I agree Le T. The problem is that the kids from these white/FN marriages are mixed, just like me, and a hell of a lot of other people I know. These kids are to be turfed off the land because they aren't full? I can't get on board with that policy. It isn't my nation so I have no say but I think turfing the kids and wives or husbands of full Mohawks is not going to do any good in the long run. These kids, regardless if they are 100 percent pure or not are FN kids. Not white kids. That's how I see it anyways. And what is to happen to them? Where are they going to go to learn their FN culture? Not to mention the deep divide this creates between "full blood" and mixed kids, of which there are many.

ElizaQ ElizaQ's picture

Al_Ar_Bee wrote:

ElizaQ wrote:

 I missed this upthread and have sat here debating whether to comment and how exactly to get what I mean to say right. I think because it's unclear and comes across as a bit of mishmash to me.  I can read a couple of different ways.   You've charged that 'First Nations' have turned to racism which is a broad brush descriptor and then refered to the betrayal of Iroquois Confedercy which is not "First Nations' but a reference to specific nations.  "First Nations" cannot betray something they never participated in the first place so the point doesn't make much sense.   Or by "First Nations" are you refering specifically to the people in question?  If so are you aware that Kahnawake is Haudensaunee (Iroquois) and therefore are saying pretty much that they are betraying there own traditions and history and turned to racism. Understandable or not that's a pretty big thing to say if thats the meaning.

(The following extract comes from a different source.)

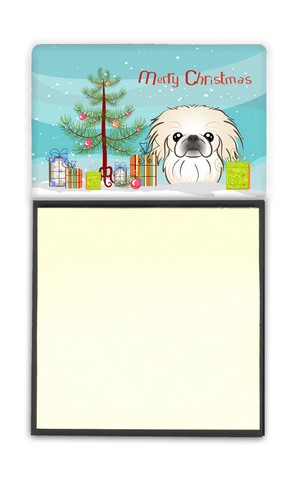 BB1593SN Christmas Tree & Pekingese Sticky Note Holder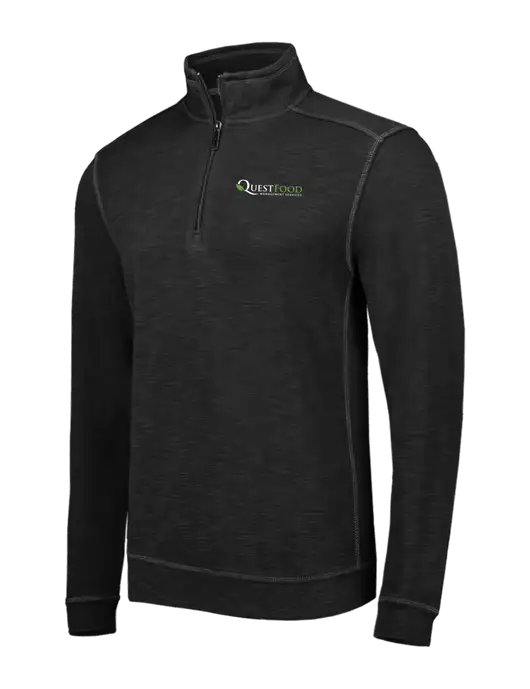 Tommy Bahama Black Tobago Bay 1/2 Zip w/Quest Food Logo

If it is the latter or something similar to the latter, heck even if it's something close to the former then I will put a point of argument out that I have been given by some of the very people who do support this particular policy in some form. Namely that this action is actually an extension of the Great Law, which the Confederacy was formed on, that does give them the sovereign right to make determinations of who on an individual basis as well as on a nation to nation basis is part of the Confederacy or particular nation that makes up the Confederacy. So therefore not a betrayal but a taking back of the powers of that law, that the Canadian state has attempted to strip away.

 

Are you saying that the Great Law would not allow a member of the Six Nations to bring a spouse from outside into the group? If you are correct then I have misunderstood the spirit of the Great Law of Peace and stand corrected.

 


it would seem to me that any spouse of a Mowhawk would, in accordance with the spirit of the Great Law, be welcomed into the band if they embraced the laws and customs of the band. By participating in the customs and traditional practices of the band and by allowing their children to be raised within that band's cultural traditions, the group identity would be strengthened and the culture live on into the future. Why is there this need for a racist solution?

No that's not what I'm saying it does in terms of specifics. It's not about specifics because it's a hella lot more complex then just interpreting some lines, in an idealist fashion of an internet google search and passing judgement on what for most here are nameless people. My point was about the powers of soveriegnty and determination that are inherent in the law and your charge that it is a betrayal and they've gone racist. My point is only that there are other ways of looking at it, some actual people look at differently and that jumping to a charge of 'betrayal' and 'racism' as a result of what you might think....'or seems to me...' isn't a great thing. Can we get anymore paternalistic here. Ugh.